What to produce: Copy the data exactly, pictures aside.

Data excerpt:
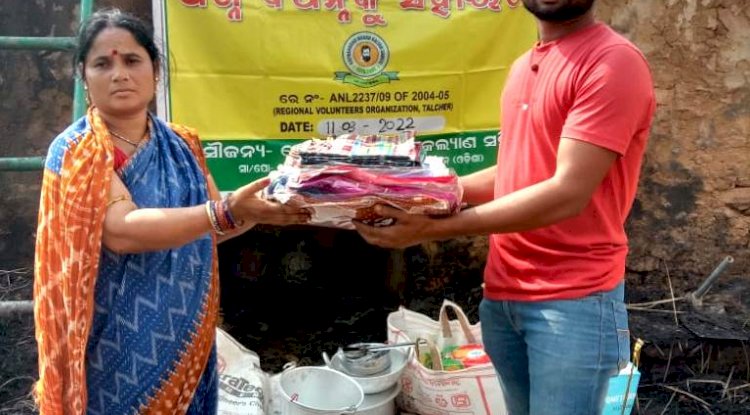 अग्नि पीडितो के मदद के लिए आगे आई संस्था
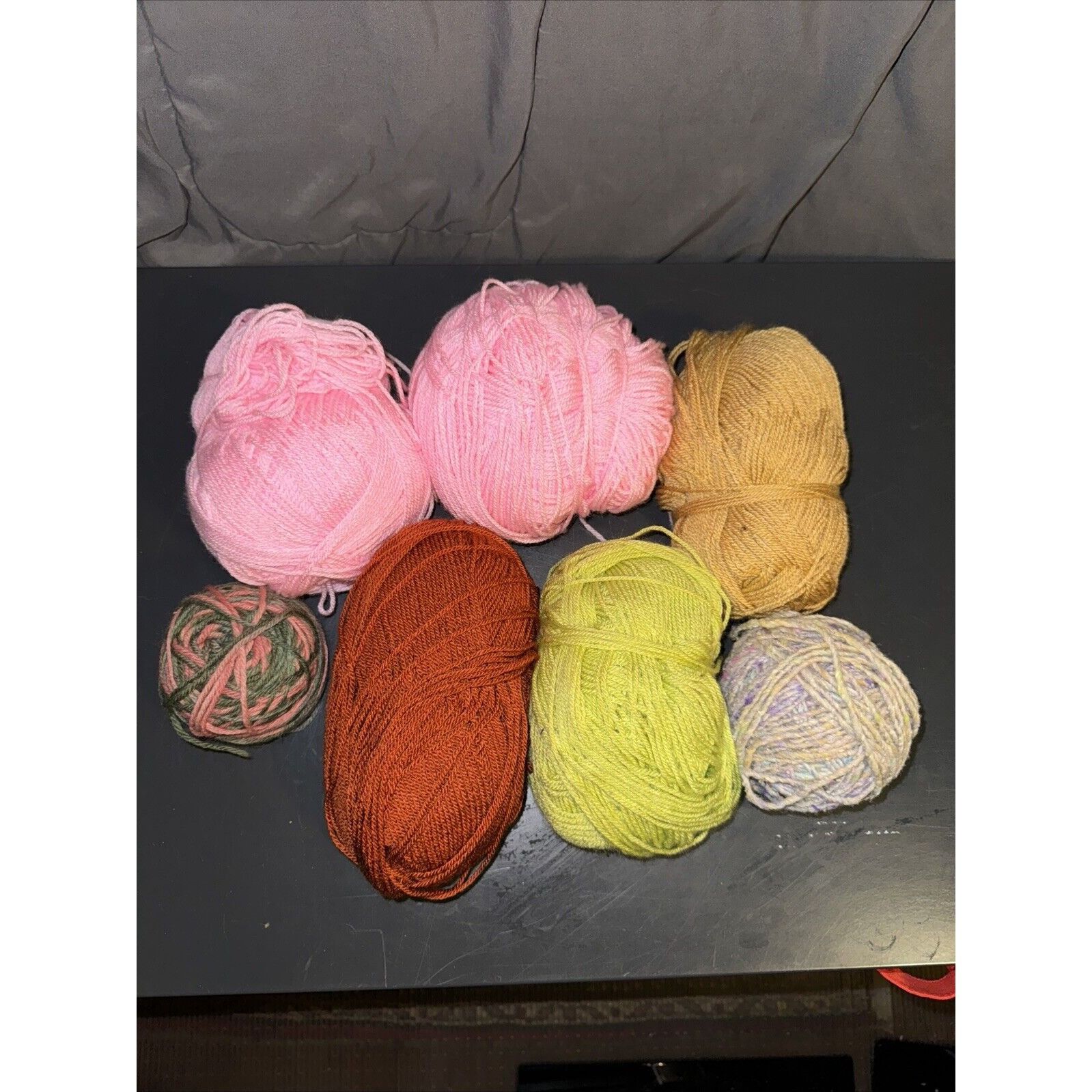 Vintage Mixed Lot of Yarn Balls Pink Green Beige Gold Assorted Textu Size ONE SIZE - 3 Thumbnail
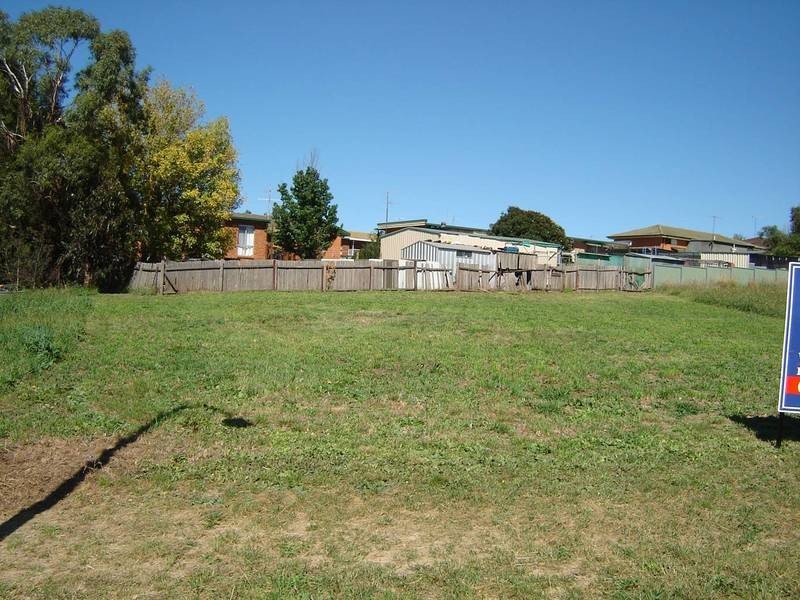 5 Peters Place, Blayney NSW 2799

Answer box:
 अग्नि पीडितो के मदद के लिए आगे आई संस्था
 Vintage Mixed Lot of Yarn Balls Pink Green Beige Gold Assorted Textu Size ONE SIZE - 3 Thumbnail
 5 Peters Place, Blayney NSW 2799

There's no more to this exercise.